## SUPPLIED DATA:

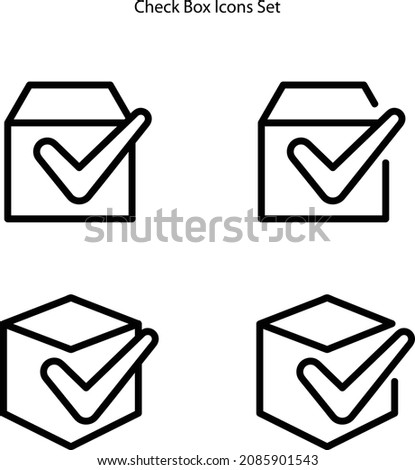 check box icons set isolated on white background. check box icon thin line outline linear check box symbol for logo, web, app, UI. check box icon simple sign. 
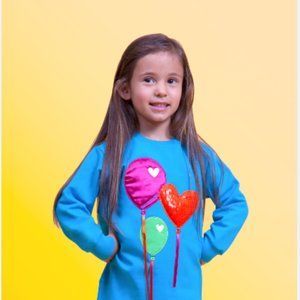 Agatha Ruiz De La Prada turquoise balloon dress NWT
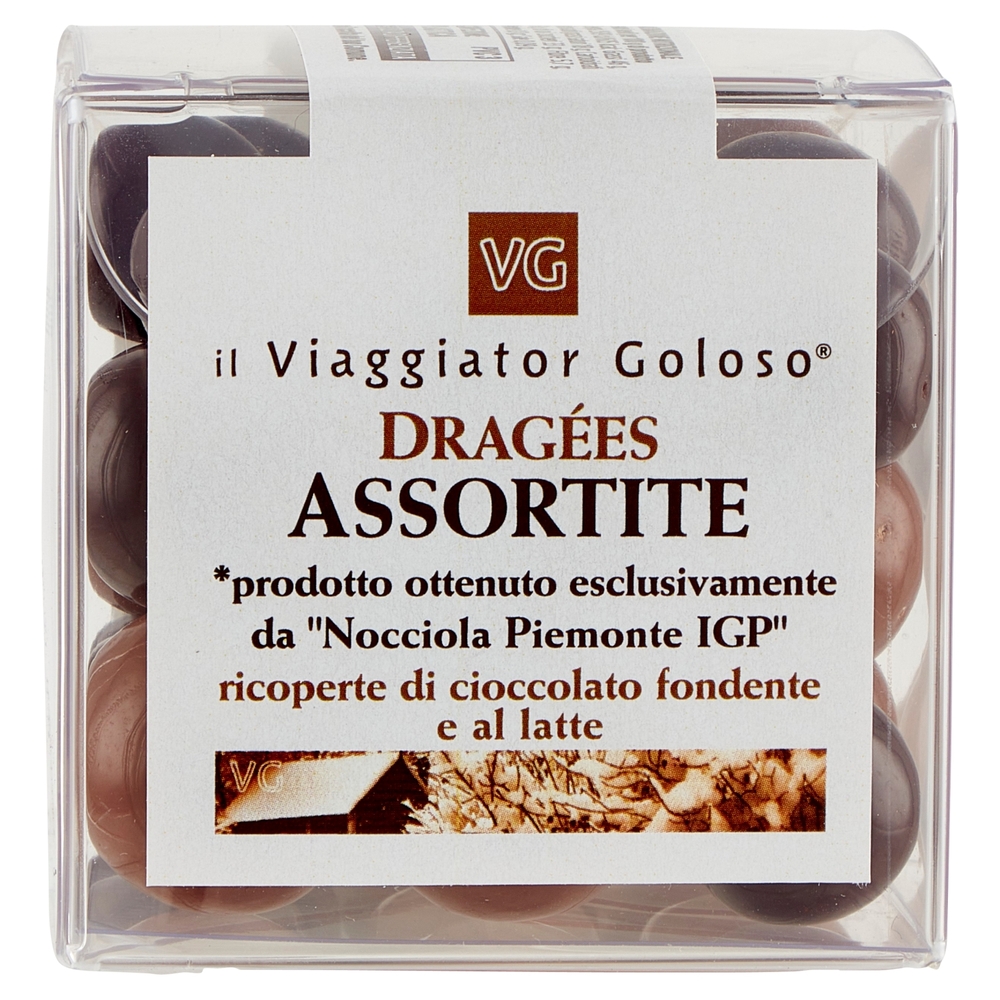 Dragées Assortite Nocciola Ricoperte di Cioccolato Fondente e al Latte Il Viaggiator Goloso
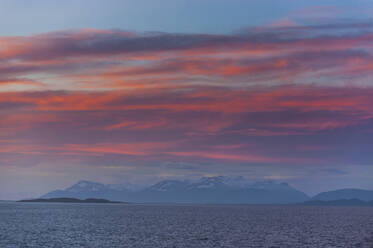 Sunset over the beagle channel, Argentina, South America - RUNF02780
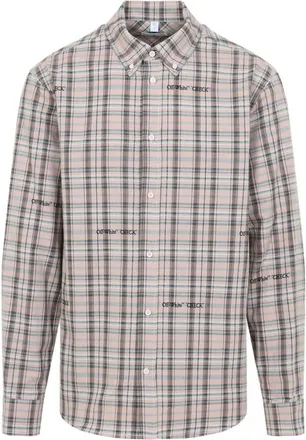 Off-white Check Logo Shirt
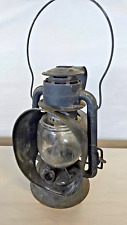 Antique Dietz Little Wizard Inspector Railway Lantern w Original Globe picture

## EXERCISE PROMPT:
From the line that includes "Dragées Assortite Nocciola" on down to the last line of the entries above, set down each line exactly, leaving out the pictures.

## ANSWER TO THIS EXERCISE:
 Dragées Assortite Nocciola Ricoperte di Cioccolato Fondente e al Latte Il Viaggiator Goloso
 Sunset over the beagle channel, Argentina, South America - RUNF02780
 Off-white Check Logo Shirt
 Antique Dietz Little Wizard Inspector Railway Lantern w Original Globe picture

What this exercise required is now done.